Wednesday, October 1, 2025

October Thoughts

As I noted in my earlier post about The Grey Knight, now that it’s October, I feel the need to use this months as an opportunity to explore that in roleplaying games a little more than I usually do (which is actually a lot, come to think of it).

Now, I should be clear: I don’t have it in me to devote every post this month to horror in the way I did with The Shadow over August, when I spent the entire month examining Lovecraft and his legacy. That was an intense endeavor and, while that exercise was both fruitful and well-received, it also took a lot of work on my part. I'm simply not up to that so soon afterwards, especially with Gamehole Con coming up in two weeks (more on that later). 

So, this month, my approach will be lighter and more flexible. Horror will appear more frequently in my writing here, but it will coexist with discussions of all the usual topics I care about. That's in addition to my other ongoing work on both Patreon and Substack (which I recommend you check out if you like what I do here). 

One concrete way this will manifest is that the next four installments of Pulp Fantasy Library, starting next Monday, October 7, will turn to classic horror stories. These are tales I think worthy of attention, whether because they are historically significant, influential on later writers, or simply brilliantly unsettling.
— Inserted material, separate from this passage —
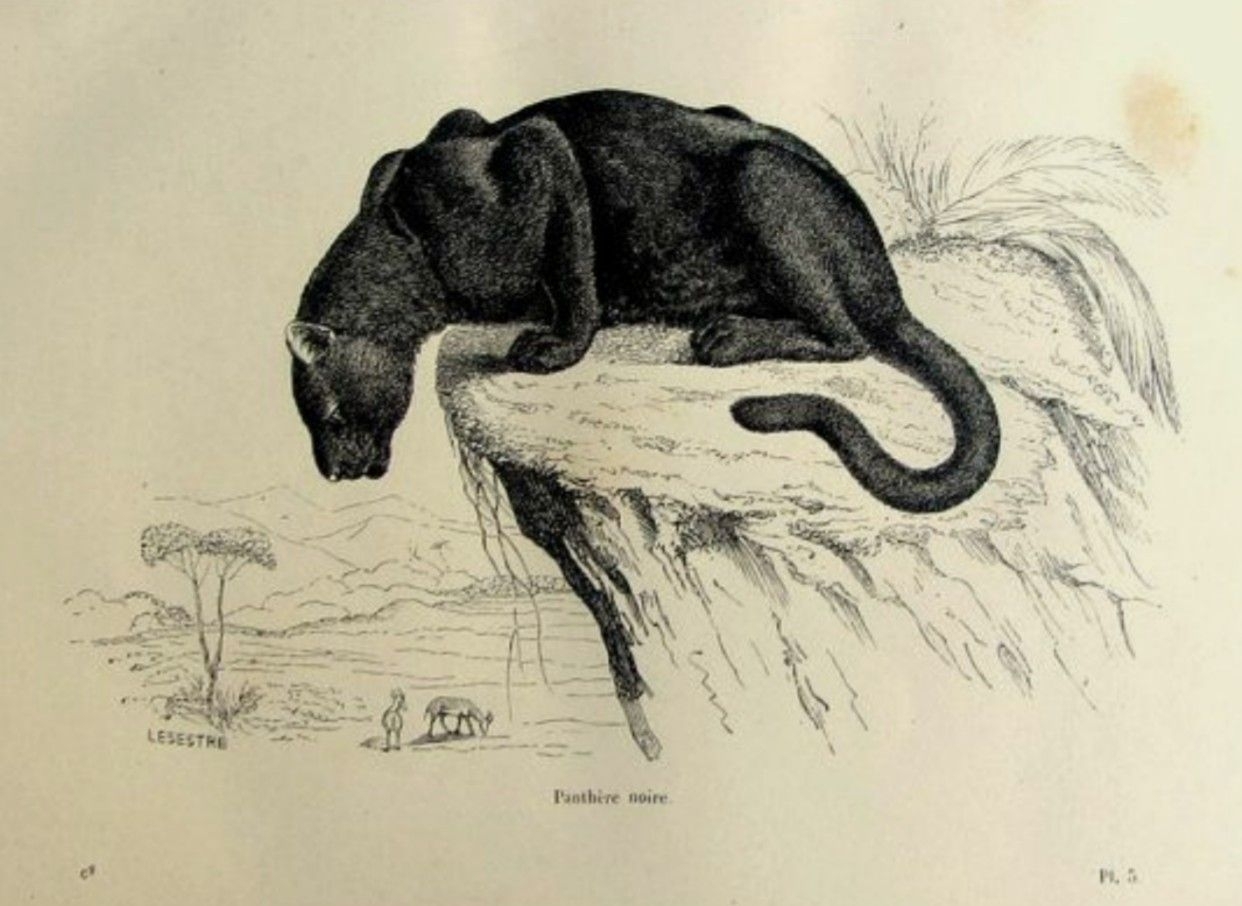 Графика животные пантера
Some of them are well-known, others less so, but all have something to teach about fear, suspense, and the strange pleasures of the macabre – topics I think worthy of discussion during this month.

After these four horror-focused posts, I’ll return to looking at Lovecraft’s Dream Cycle stories in November, continuing a thread I hope some of you have been following since I restarted the feature after a long quiescence. In the meantime, consider this a kind of gentle “horror season." It won't be a deluge of posts on the topic, but there will be enough to remind us why the weird and the scary have long been a vital part of our games and our imaginations.

2 comments:

  1. Sounds great! I've read a lot of literary horror (MR James, Blackwood, et al), and I've rarely found anything that disturbs me, but every once in awhile I come across a story that does stories that did. Robert Chambers' The Yellow Sign, Clark Ashton Smith's The Hunters From Beyond, and Ray Bradbury's The Veldt, are three that did.

    ReplyDelete
    Replies
    1. One of the four I've chosen for this month is genuinely disturbing, I think – at least if you have claustrophobia.